Avoid making a hard sell for your products. Empathetic storytellers spend more time exploring the conflict and less time pointing to a solution—even their own. Don’t directly show how your products can solve the problem. Rather, guide your audience to the conclusion. Your audience should leave the interaction with a better understanding of their problems and the range of solutions available to them (including your product).
Choose the Best Format
When considering the best format for empathetic storytelling, focus on the visual or contextual formats that are most likely to engage your audience for that story. For example, a video can make a meaningful impact with beautiful imagery, but a podcast can relate context or complex insight. Humans remember pictures better than words, but we are also likely to use context to better engage with stories.

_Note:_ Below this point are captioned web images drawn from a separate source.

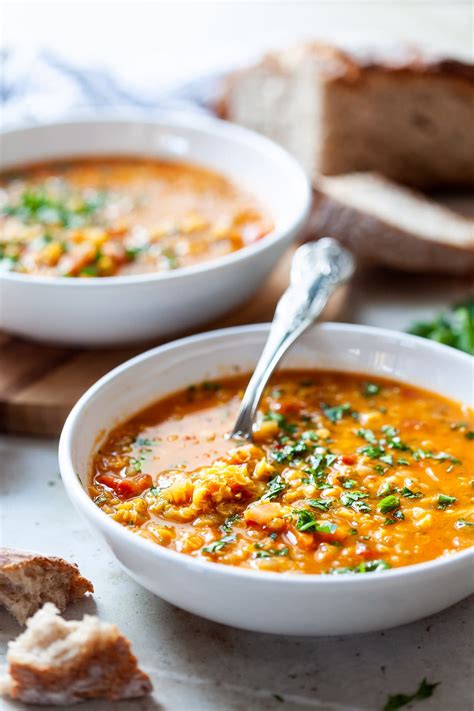 Vegan Red Lentil Stew - Vibrant plate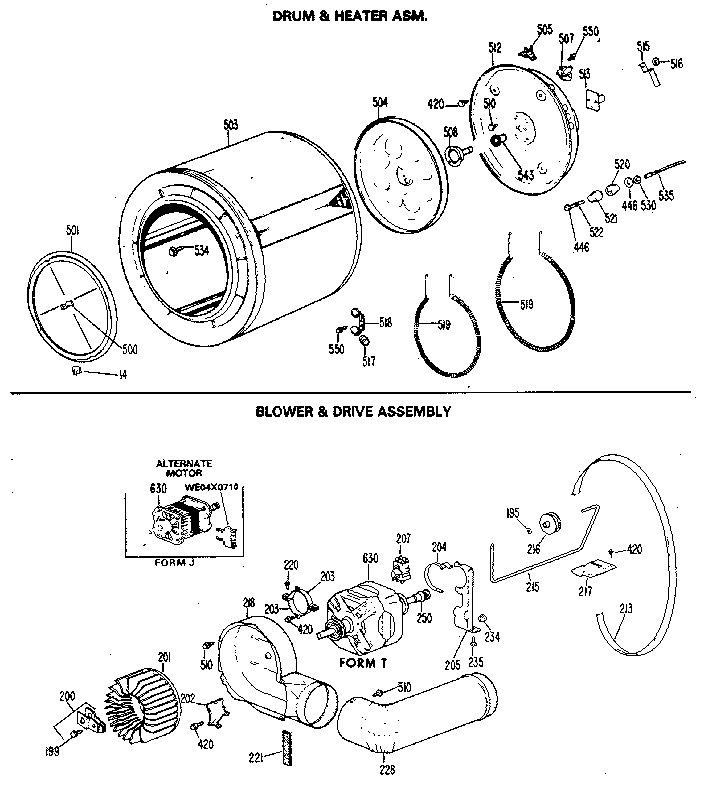 GE DDE7206MAL drum/heater/blower and drive diagram
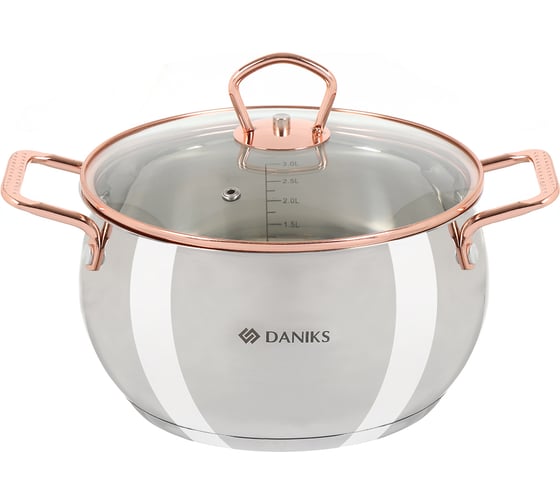 Кастрюля DANIKS 3.4 л, нержавеющая сталь, крышка стекло, карлин, gs-01332g-20, индукция 397609 1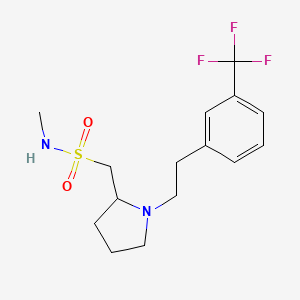 molecular formula C15H21F3N2O2S B7002959 N-methyl-1-[1-[2-[3-(trifluoromethyl)phenyl]ethyl]pyrrolidin-2-yl]methanesulfonamide 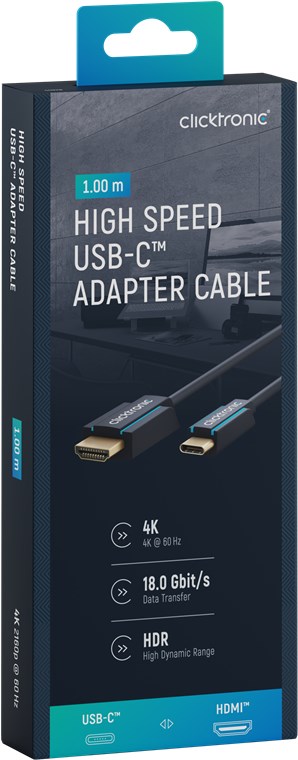 USB-C™-auf-HDMI™-Adapterkabel - Kabellänge 1 m - Premium-Kabel|USB-C™-Stecker HDMI™-Stecker|1,0 m|4K @ 60 Hz USB-C™-auf-HDMI™-Adapterkabel - Kabellänge 1 m - Premium-Kabel|USB-C™-Stecker HDMI™-Stecker|1,0 m|4K @ 60 Hz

It’s okay to experiment with the formats you use to communicate your story. Video documentaries, editorial advertisements, blog posts, and printed media are just a few formats to experiment with. More unique options—like office or public installations, a live talk show, or internal conferences— may offer context that can help shape your story in a more personable way among smaller groups.
Empathetic storytelling can help us explore our needs and what it means to be us. Instead of pushing products, content marketers should use empathetic storytelling to identify and illustrate their audience’s unique conflicts in a format that makes sense.
With a few steps, any marketer can create empathetic content to build stronger relationships with a more engaged consumer base.